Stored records
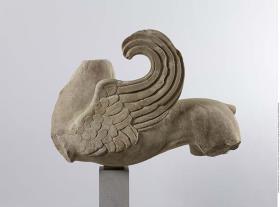 Torso eines Greifen vom Dach des Großen Altars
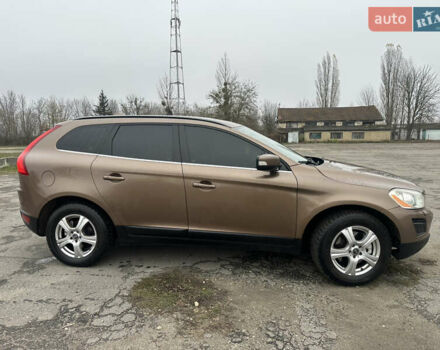 Коричневый Вольво ХС60, объемом двигателя 2.4 л и пробегом 302 тыс. км за 12900 $, фото 8 на Automoto.ua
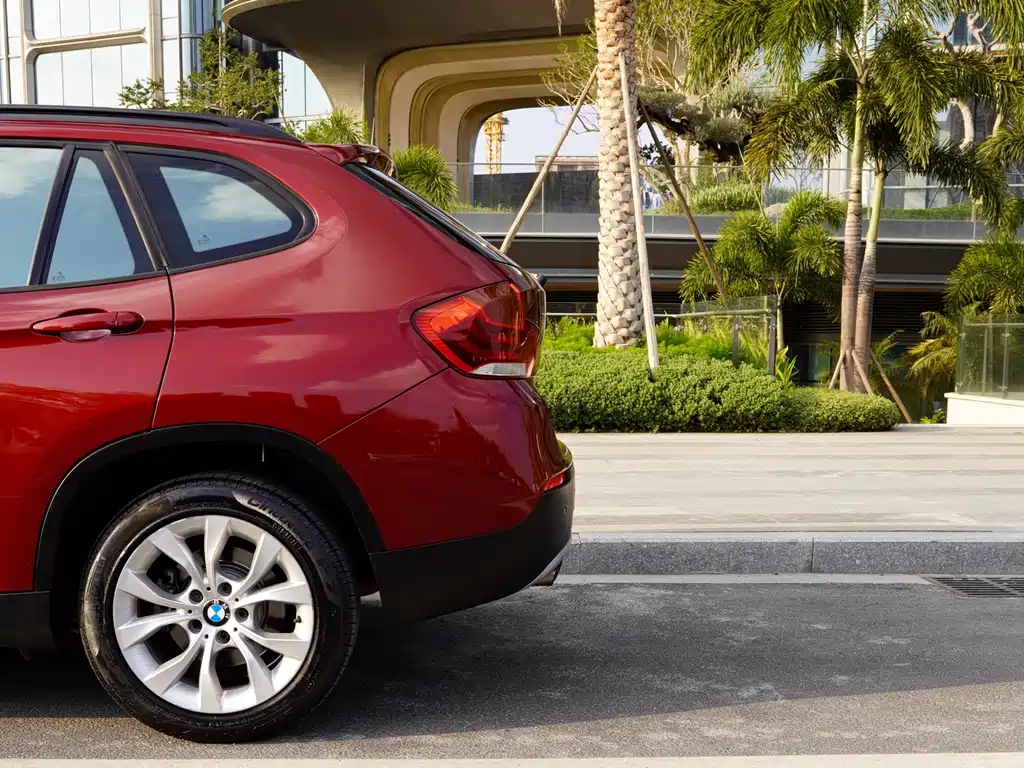 BMW X1 2011 — фото 24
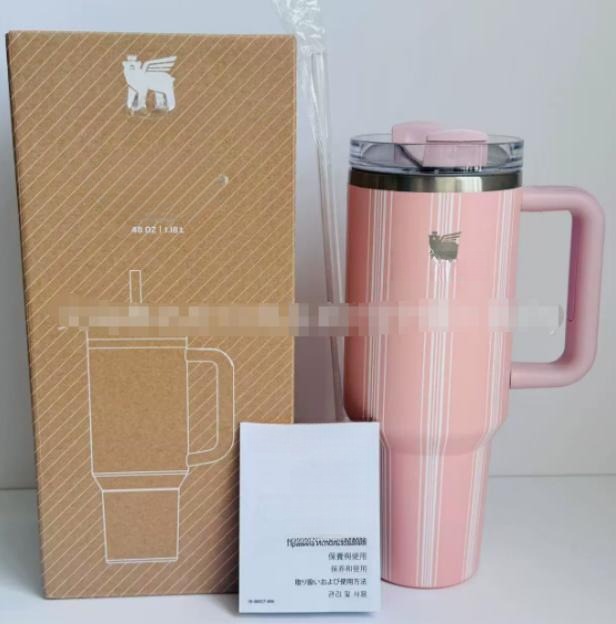 Gourde Stanley Quencher H2.0 Tumbler 40 OZ / 1.18 L avec anse — rose pâle rayé, motif fines rayures verticales blanches et roses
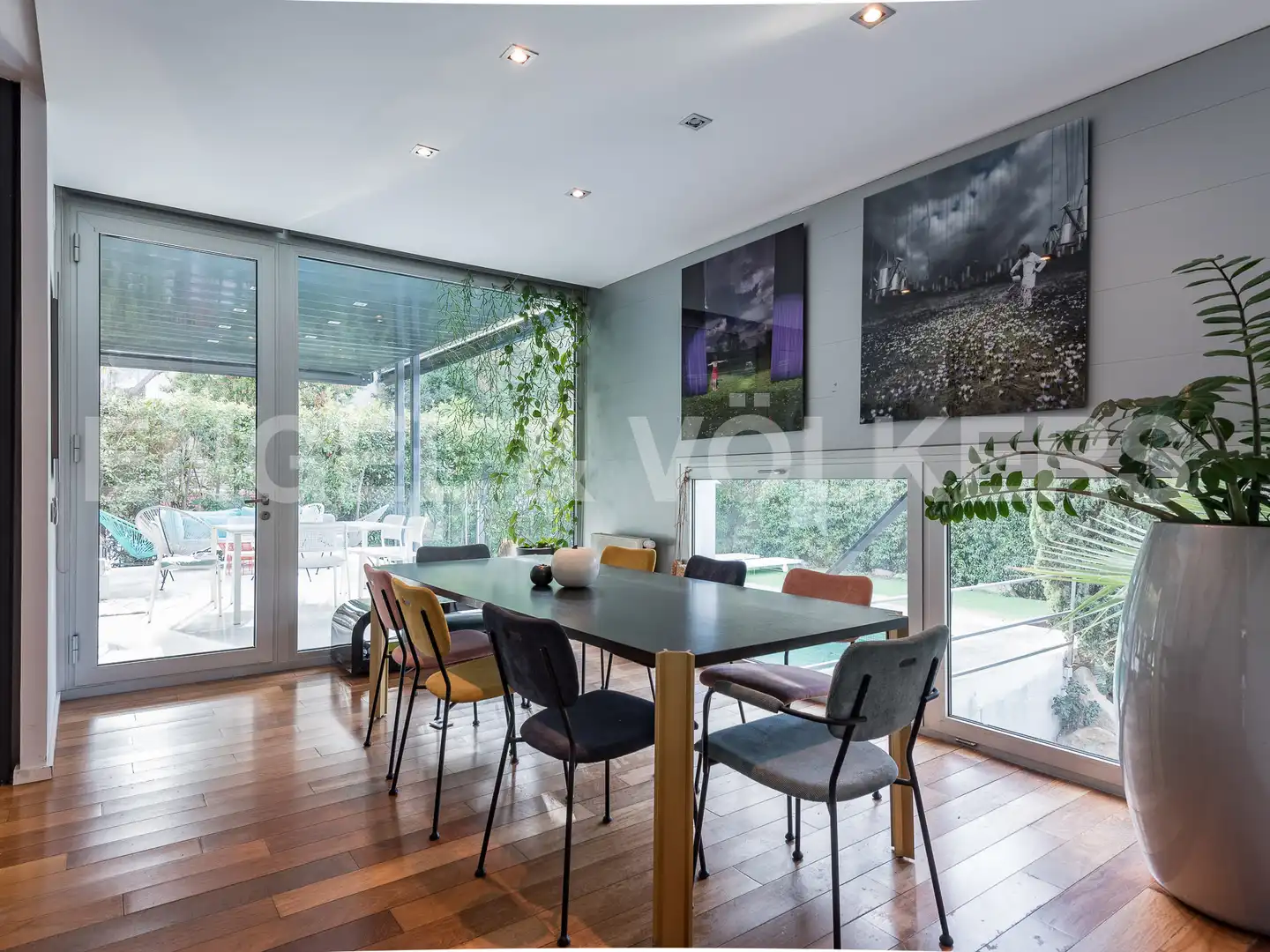Comedor de Casa o chalet en venta en Barcelona con Aire acondicionado, Calefacción y Jardín privado
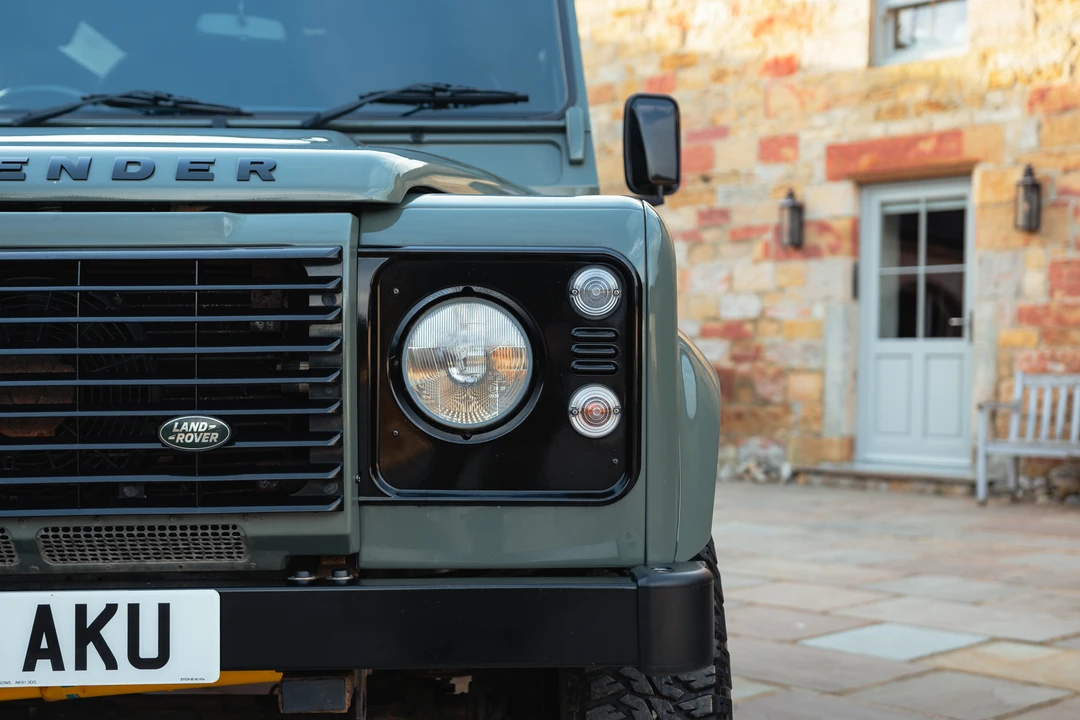 2015 Land Rover Defender 90 - Image 18 of 31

TASK TO CARRY OUT
Will you restate every entry word for word and omit the images?

RESPONSE TO THIS EXERCISE
 Torso eines Greifen vom Dach des Großen Altars
 Коричневый Вольво ХС60, объемом двигателя 2.4 л и пробегом 302 тыс. км за 12900 $, фото 8 на Automoto.ua
 BMW X1 2011 — фото 24
 Gourde Stanley Quencher H2.0 Tumbler 40 OZ / 1.18 L avec anse — rose pâle rayé, motif fines rayures verticales blanches et roses
Comedor de Casa o chalet en venta en Barcelona con Aire acondicionado, Calefacción y Jardín privado
 2015 Land Rover Defender 90 - Image 18 of 31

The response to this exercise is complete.